498 Arctic aerosols: origins and direct radiative forcings

Wednesday, 26 January 2011
Washington State Convention Center
Ilissa Ocko, Environmental Defense Fund, New York, NY; and V. Ramaswamy and P. Ginoux

Handout (4.9 MB)

Long-range transport of anthropogenically-emitted aerosols contaminates the Arctic's naturally pristine environment, perturbing its radiative balance. Although several limitations and uncertainties restrict the ability to quantify direct radiative forcings, this study provides an additional method for determining the impact of Arctic aerosols.

The GFDL global climate models (CM2.1 and AM3) are used to assess the origin and climatic impact of sulfate and black carbon aerosols in the Arctic during the years 1980-2000. Different experiments are run using AM3 (atmospheric model, cubed-sphere, 2° latitude x 2.5° longitude, 32 levels, simplified chemistry, aerosol interactions, AR5 emissions inventory) to trace emissions from various Northern Hemispheric source regions, identifying transport pathways of aerosol species.
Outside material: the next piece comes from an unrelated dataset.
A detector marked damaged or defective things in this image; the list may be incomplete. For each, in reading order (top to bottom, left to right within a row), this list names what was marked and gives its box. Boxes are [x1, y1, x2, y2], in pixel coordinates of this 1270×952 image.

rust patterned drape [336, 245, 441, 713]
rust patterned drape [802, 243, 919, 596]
Results show that aerosol sources contribute non-uniformly to the Arctic region and that sulfate and black carbon have different transport pathways in the northern high-latitudes. Although this approach for determining aerosol origins is innovative and thus difficult for comparison with similar analyses, the results support previous studies.
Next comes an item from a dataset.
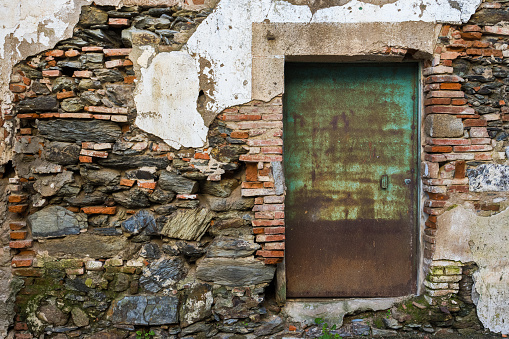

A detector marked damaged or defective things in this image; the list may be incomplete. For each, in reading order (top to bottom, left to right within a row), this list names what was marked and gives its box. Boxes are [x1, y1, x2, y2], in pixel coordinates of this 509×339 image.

rusty metal door [282, 63, 416, 298]
peeling plaster [432, 206, 509, 336]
A two-stream approximation 1-D radiative transfer model is used to evaluate the direct shortwave aerosol radiative forcing in two Arctic locations (Barrow, Alaska and Ny-Alesund, Norway) during the springtime. In order to quantitatively assess the aerosol forcing across the globe and Arctic, the CM2 radiation code is implemented. Sulfate and black carbon optical depths are taken from both the AM3 and CM2.1 results. CM2.1 (coupled atmosphere and ocean model, spherical Earth, 2° latitude x 2.5° longitude, 24 levels, AR4 emissions inventory) results show that the Arctic is saturated with excess black carbon, whereas AM3 results show depleted black carbon. In addition, results show that black carbon has a significantly larger forcing per optical depth than sulfate, and thus a much stronger forcing tendency.